SOURCE RECORDS:

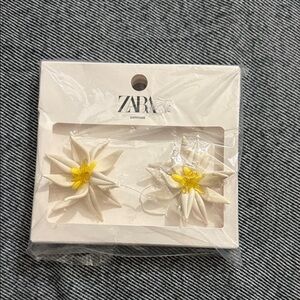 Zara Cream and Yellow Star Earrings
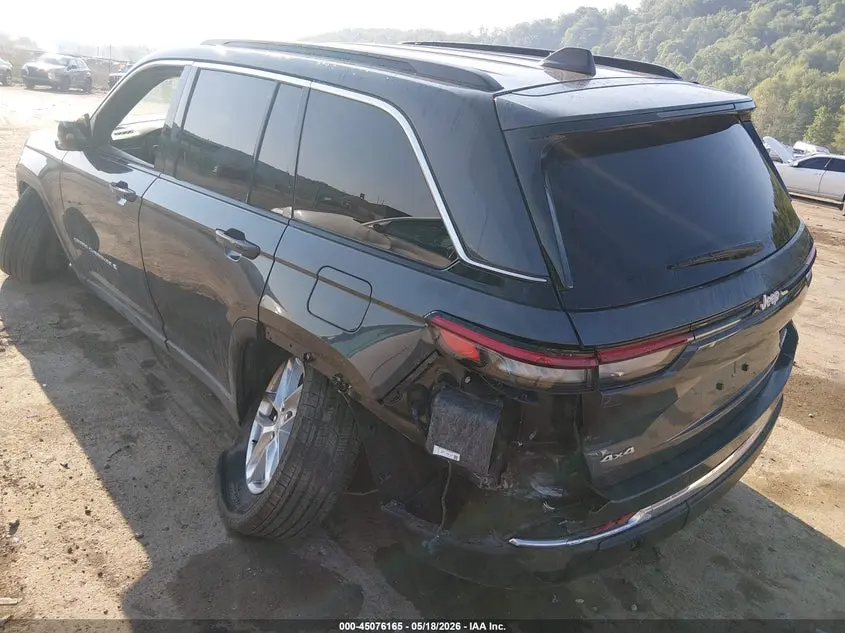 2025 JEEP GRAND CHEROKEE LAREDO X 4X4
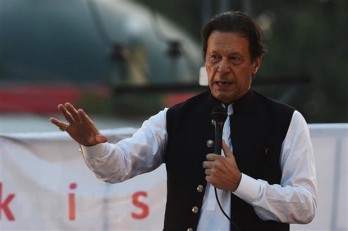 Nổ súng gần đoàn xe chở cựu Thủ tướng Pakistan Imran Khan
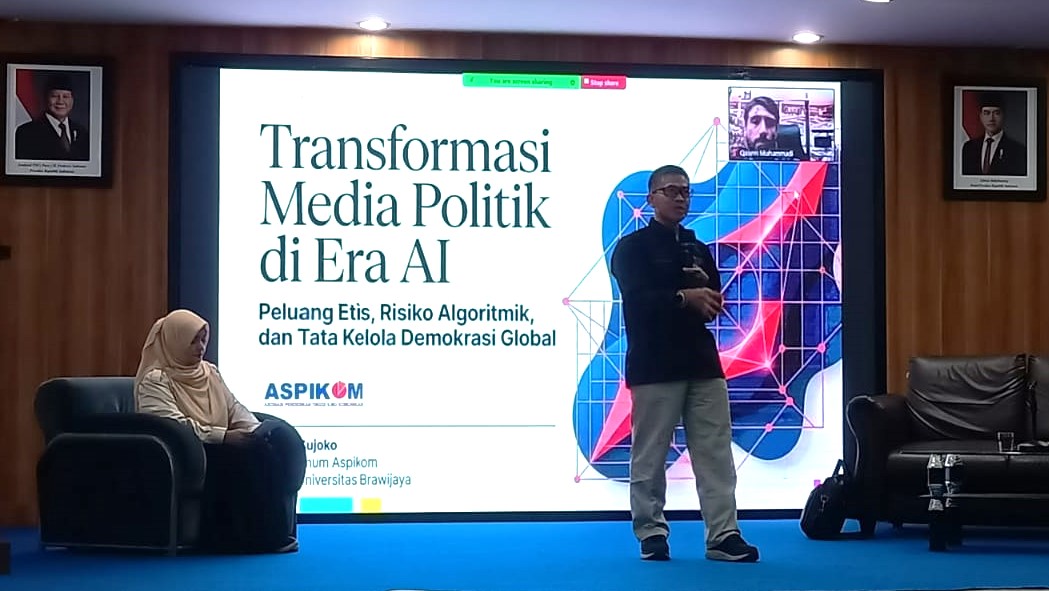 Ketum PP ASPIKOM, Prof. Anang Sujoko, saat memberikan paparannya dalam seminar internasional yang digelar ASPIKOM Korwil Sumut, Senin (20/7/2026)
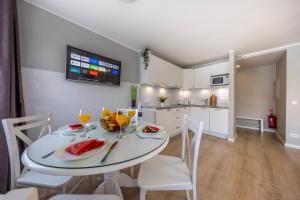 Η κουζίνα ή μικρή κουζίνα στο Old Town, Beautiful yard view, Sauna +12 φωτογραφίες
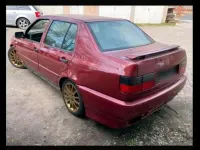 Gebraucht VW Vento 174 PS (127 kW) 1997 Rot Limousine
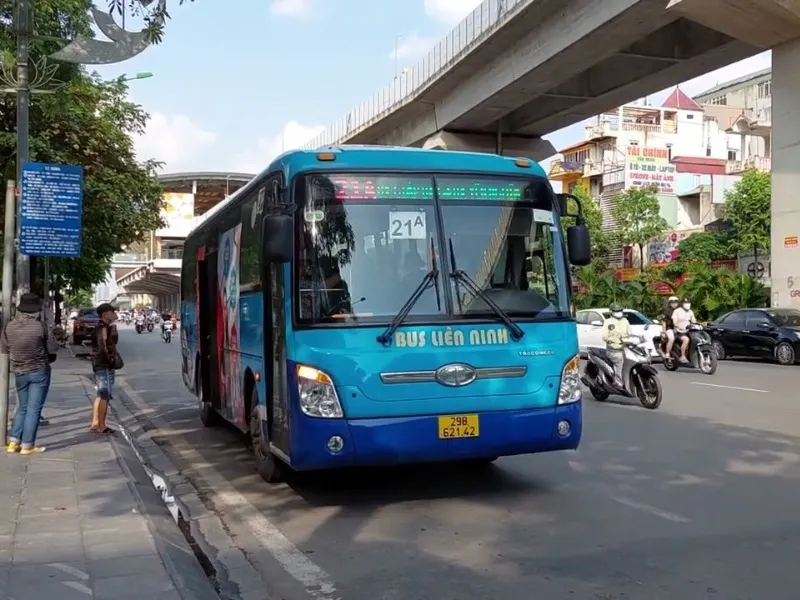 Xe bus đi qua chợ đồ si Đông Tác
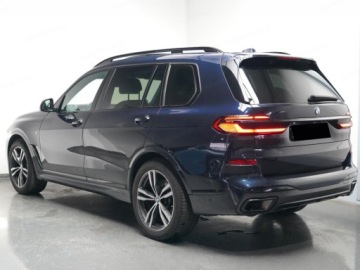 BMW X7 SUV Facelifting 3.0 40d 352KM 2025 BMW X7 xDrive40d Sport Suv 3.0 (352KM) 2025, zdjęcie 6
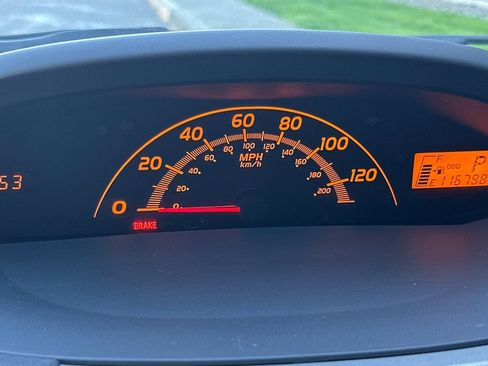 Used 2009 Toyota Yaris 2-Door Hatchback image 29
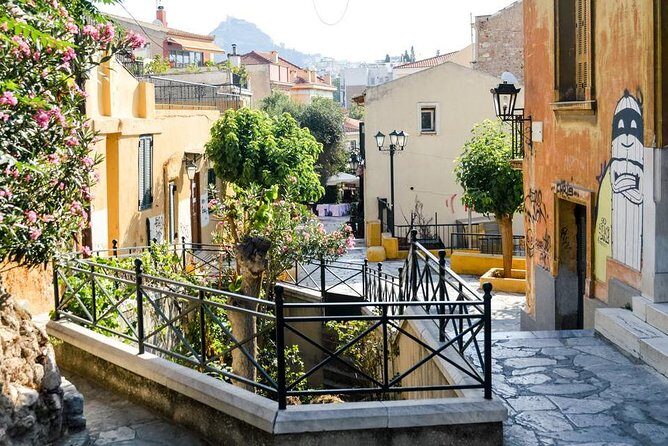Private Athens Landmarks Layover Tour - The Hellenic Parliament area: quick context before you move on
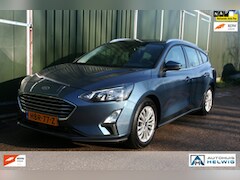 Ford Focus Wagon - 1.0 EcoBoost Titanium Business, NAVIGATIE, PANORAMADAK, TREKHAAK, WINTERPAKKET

...

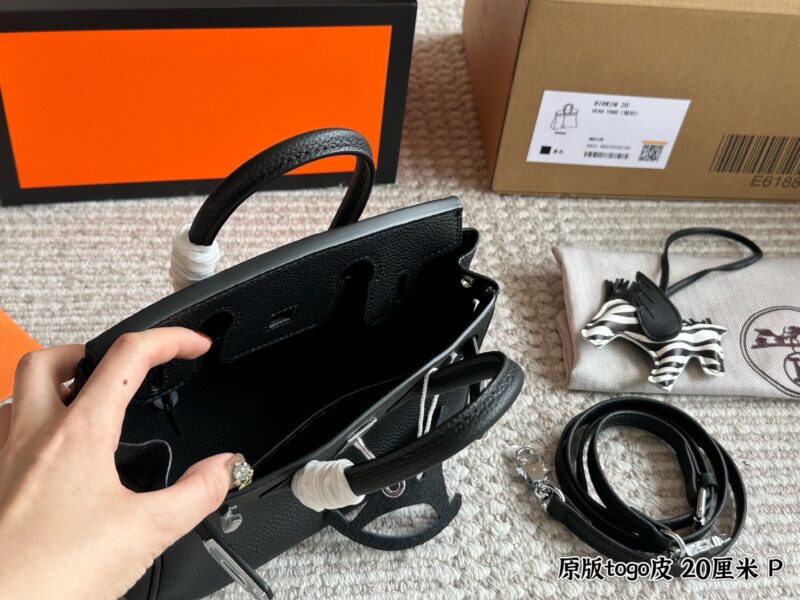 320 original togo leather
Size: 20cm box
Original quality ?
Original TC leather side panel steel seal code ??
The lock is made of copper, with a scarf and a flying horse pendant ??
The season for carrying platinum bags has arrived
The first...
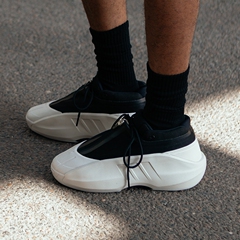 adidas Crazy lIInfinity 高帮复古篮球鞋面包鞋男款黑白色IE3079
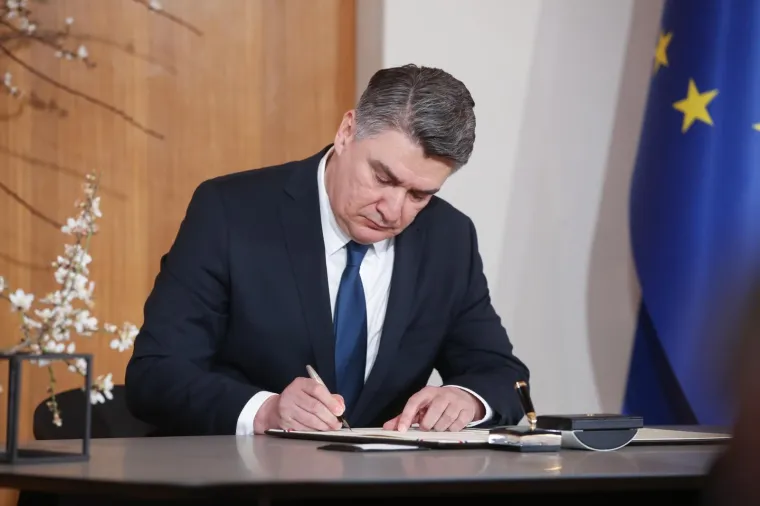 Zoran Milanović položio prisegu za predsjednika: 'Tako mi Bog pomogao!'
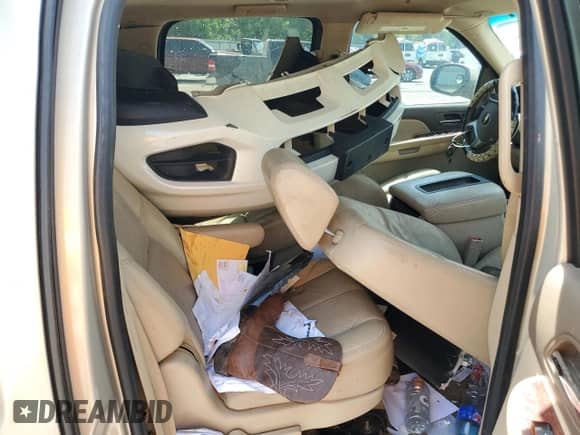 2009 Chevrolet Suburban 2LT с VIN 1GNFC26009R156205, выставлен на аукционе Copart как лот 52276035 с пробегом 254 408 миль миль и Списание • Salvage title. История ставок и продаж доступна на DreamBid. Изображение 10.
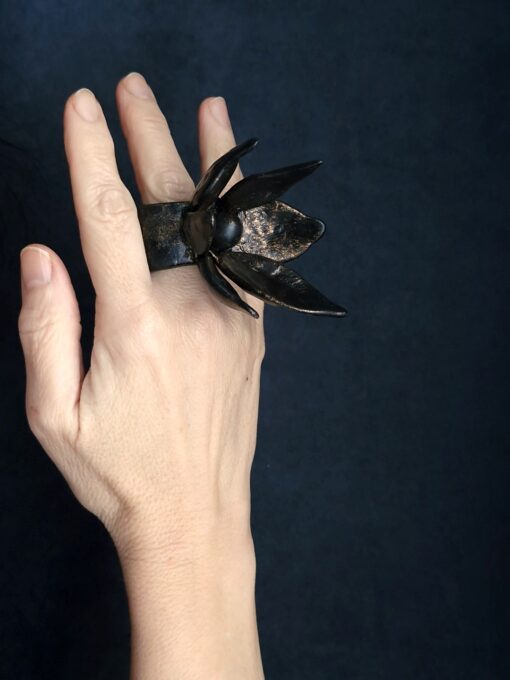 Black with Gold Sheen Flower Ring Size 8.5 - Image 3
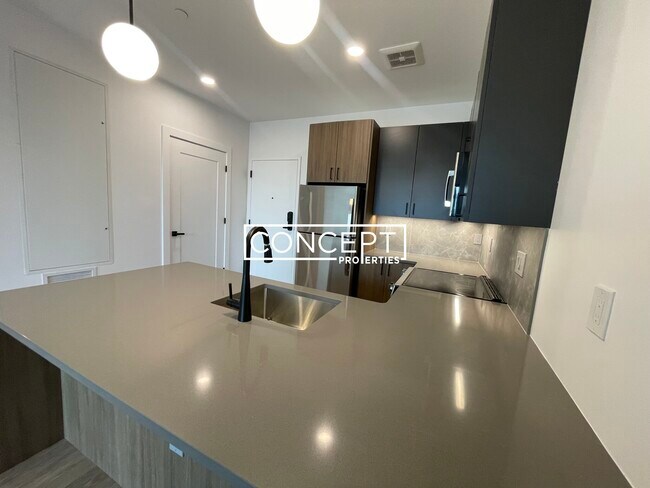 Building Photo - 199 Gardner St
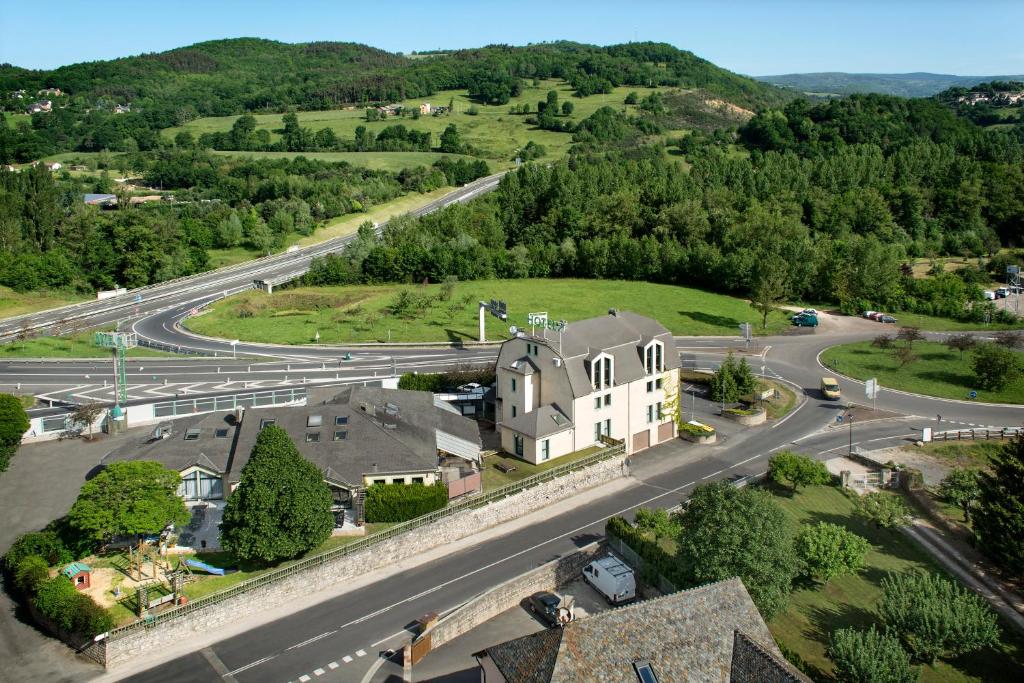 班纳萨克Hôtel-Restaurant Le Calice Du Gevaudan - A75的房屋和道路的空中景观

WHAT IS NEEDED: Go back to the listing above and write out the lines starting at the one with "Black with Gold" and ending at the one with "班纳萨克Hôtel-Restaurant Le Calice", inclusive, exactly and without pictures.

SOLVED PROBLEM:
 Black with Gold Sheen Flower Ring Size 8.5 - Image 3
 Building Photo - 199 Gardner St
 班纳萨克Hôtel-Restaurant Le Calice Du Gevaudan - A75的房屋和道路的空中景观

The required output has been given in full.